Saturday, December 26, 2009

The Times They Are A Changin' - Puriscal, Costa Rica

It´s the final countdown folks, after being at this farm for a month and a half I am leaving in five days to be exact. I might as well change the title of my blog while I am at it, I am getting out of Costa Rica next weekend and heading first to Nicaragua for awhile and then to Guatemala to check out the Mayan ruins. The reason for this change? A big part of it has to do with the fact that Costa Rica really isn´t that affordable, you end up paying close to American prices for food. Second is that it is now full blown tourist season and I want nothing to do with hoardes of ignorant tourists here to spend a couple weeks partying. Finally, after having researched and talked to many a person, I have realized that heading north will provide me with the adventures and further culture shock I am seeking during this journey. Point blank; Costa Rica is Americanized. Not saying I don´t love this country and it´s inhabitants, cause I really do, but I will just have to explore it more next time.

So many are probably wondering about my farm misadventures over this last month and a half and man oh man have there been plenty. After a week of spending time working my butt off at the main farm I moved up to another piece of their property with a nice couple that turned out to be from Portland as well.

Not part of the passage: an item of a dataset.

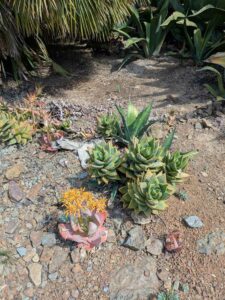 image from Ruth Bancroft Garden in Walnut Creek - April 2024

The other peice of property was literally a shack in the middle of the jungle and in order to get there or to get to civilization from there, you have to walk down and then up two steep hills divided by a large river. So I probably don´t need to point out that it took a bit to get used to. We had to haul up a couple goats, three horses, four chickens, two ducks, and a partridge in a pear tree. Merry Christmas by the way. Anyhow, it took a week or so to get settled in and in the swing of things up there in our temporary home we´d come to dub Camp Neverland. The nights were spent simply enough; preparing dinner, reading, playing UNO, bitching about our days. Days were spent working in the lemon orchard adjacent to the shack or repairing the broken water pipes or some other backbreaking sweat inducing job or defending ourselves from Mr. Darcy´s attacks. Mr. Darcy is the infamous male goat we had the misfortune of watching over, he just isn´t a pleasant animal. He likes to try and butt his head into you when you´re not looking and if that´s not bad enough, he smells horrendous! Male goats enjoy urinating on their own faces, no joke, it attracts the female goats, I don´t think I´ll be imitating nature anytime soon with that one.

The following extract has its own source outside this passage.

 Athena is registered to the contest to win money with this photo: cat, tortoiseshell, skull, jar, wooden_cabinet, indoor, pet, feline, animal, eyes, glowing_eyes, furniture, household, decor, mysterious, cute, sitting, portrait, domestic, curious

Neverland wasn´t that bad though, there was a lot of time to explore the surrounding jungle full of rivers, waterfalls, beautiful birds, lightning fast lizards, and drunk locals. I learned a lot about my limits, living in close proximity to animals of various sizes, and especially that I hate roosters. They don´t just crow once in the morning like it is in the movies and television, no sir, they sometimes start at four in the morning and continue through out the rest of the morning sometimes as frequently as every ten seconds. Yes, I counted, I sure as hell wasn´t sleeping. They are mean to, I watched them pick on all the other birds on the farm, including an unforgettable while stoking the fire, I heard a commotion and looked up in time to see the small black rooster jump on the back of our white duck and grab ahold of the back of her neck in his beak, the alarmed duck started running around the farm flapping it´s wings with the rooster riding it the whole time! I didn´t know whether or not to interfere or stand and watch with my jaw dropped in astonishiment... I chose the latter. He finally had enough of his duck rodeo and jumped off. Welcome to the jungle baby!

Unfortunately I am running out of time for the day and need to run off and get my mandatory town trip icecream cone and catch my bus. I missed writing this blog and unfortunately didn´t have time to keep a daily journal so I don´t feel its been the most detailed account of my trip, but next time I will finish my farm stories, including my terrible week with Dengue Fever. I hope all is well friends.

Until next time...

Saturday, December 19, 2009

Okay, okay

So I don´t have time for a full entry, I´ve got to catch my bus. Everything went okay with the first weekend here and on our own, nothing died and the family came back to a clean house. I have had a lot of crazy experiences since then but I will have to wait until next time I make it into town to tell you about them. Only two more weeks of this madness. Happy Holidays everyone. Until next time...

Tremors

(From my Journal 11.13.09)

Today was a good day, a lot of hard work and a bit shaky. At about 1:30pm while I was excavating a bunch of mud and chicken crap from in front of the coop we were hit with an earthquake. At first I thought it was a heavy crash of thunder but as Liz said, ¨Did you hear that earthquake?¨ We felt a jolt that shook everything violently for a second. I remember thinking where the hell am I going to hide and was preparing to flee to the center of the field but luckily it was a short one. I´ve only felt a few in my life but the sensation of having a normally immensely sturdy object beneath you shift is a crazy one.

At dinner we were informed that the family would be leaving for the weekend, which means we are going to be in charge of the farm... What could go wrong?

The Dog Says WWOOF! (San Rafeal, Costa Rica)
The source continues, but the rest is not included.